How Many Papers Do I Grade Each Week?

I have ten classes this semester, ranging between 23 students in some to 45 in others.  The total is currently 306 students. 

I assign an average of four papers of some kind (be they reports, journals, answers to questions, creative writings, drilling skills, quizzes, warm ups, etc.) each week.  Some items are only a couple of paragraphs or about half a page long; others are two-three pages.  A conservative average, then, would be that I assign approximately four pages of written work per student, which equals about 1224 pages total, per week.

Now, it’s not quite as bad as it looks.  First of all, even with classes that exclusively consist of honors and college students this year, I still only receive about 95% of assigned work.  (One of the cynical “benefits” of teaching remedial classes is that so few students will actually do the work, that grading is easy!)  That brings my total down to 1163. 

Also, I’m blessed to have two amazing student aides each year, and I do keep them busy.  Looking over my grade book, I’d estimate that, using answer keys and other guidelines I give them, these students grade nearly a third of my work.  Yes, of course, it tends to be the simpler papers, but that’s still a huge amount of time I’m saved. 

Now my weekly average of pages to grade is down to 780. 
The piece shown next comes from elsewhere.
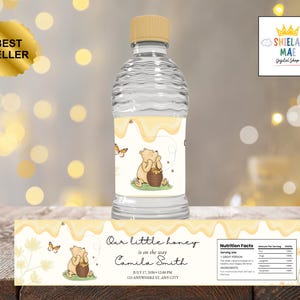 Puede incluir: Una botella de agua transparente con tapa amarilla y una etiqueta con un oso de dibujos animados y un diseño de goteo de miel. La etiqueta dice "Our little honey is on the way Camila Smith". Una pegatina de "Best Seller" es visible.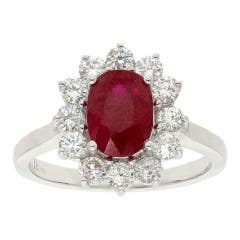 Oval Ruby and Star Halo Diamond Ring in 18K White Gold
Further, let’s note that not every assignment is afforded equal attention.  Every teacher has their prefered methods for dealing with the work load, and keeping in mind that the point of grading is to give students feedback about their work so they can grow, some assignments might be graded only on some aspects but not on others (spelling but not grammar, organization but not style, accuracy but not spelling, for example).  Some teachers might only look at every other question, as another example.  Frankly, some assignments are designed such that, by their very nature, to complete them at all is almost a guarantee that they would have to be done well. 

Also, it’s a good idea to grade some work together as a class when you can–this cuts down on outside grading time, and provides an opportunity for review and revision–two birds with one stone!  Still, this is rarely practicable in an English class, and most weeks does not factor into reducing the total workload. 
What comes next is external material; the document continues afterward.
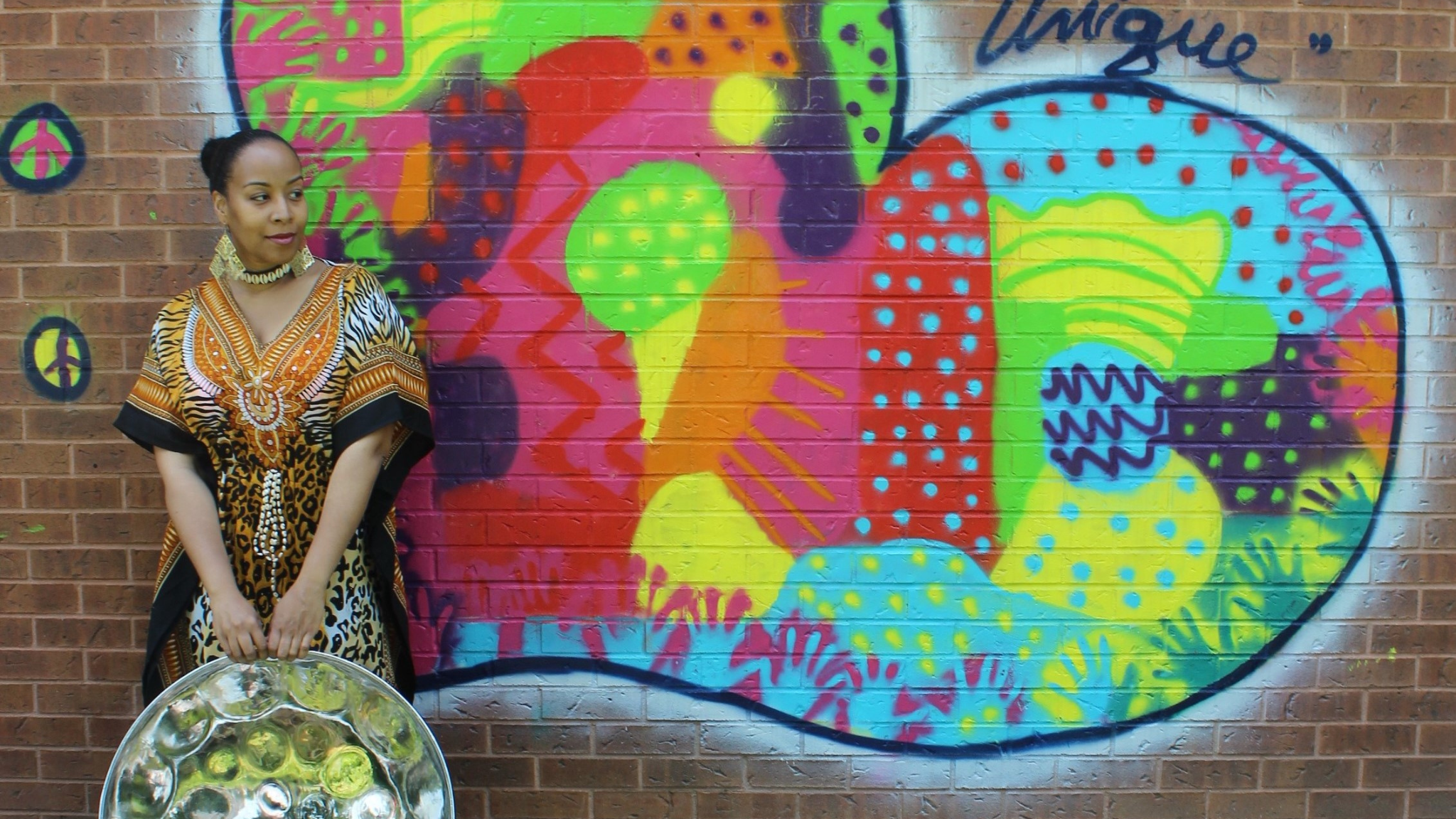 Black woman holding a steelpan in front of a colourful heart painted on a brick all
Such strategies take the edge off of grading, as anybody who tried to edit in detail 780 pages each week would quickly go insane.  The first time I started grading papers as a student in college, I spent ten minutes on the first one, wrote wonderful comments all over it, then looked at the clock and did the math to calculate what the rest of my day would be like.  It was discouraging.

That being said, certainly, all teachers should edit some writing in detail regularly and guide students in revision.  This may well be the single hardest thing we do as teachers, but it’s also the crux of good education.  Also, it gives me plenty of opportunities to help students not only see where student writing falls short, but to get some cheap empathy (“You can’t make heads or tails out of that, either?  Welcome to my world!”)

So, even with 780 papers to grade per week, some require a few moments of scanning, and others require a few minutes of intense reading.  Let’s say that the average page needs about 30 seconds to grade well. 

I’ll leave you to do that math for the total time commitment there, outside of actual planning and instruction. 

And students wonder why my turn around time on getting papers done isn’t faster!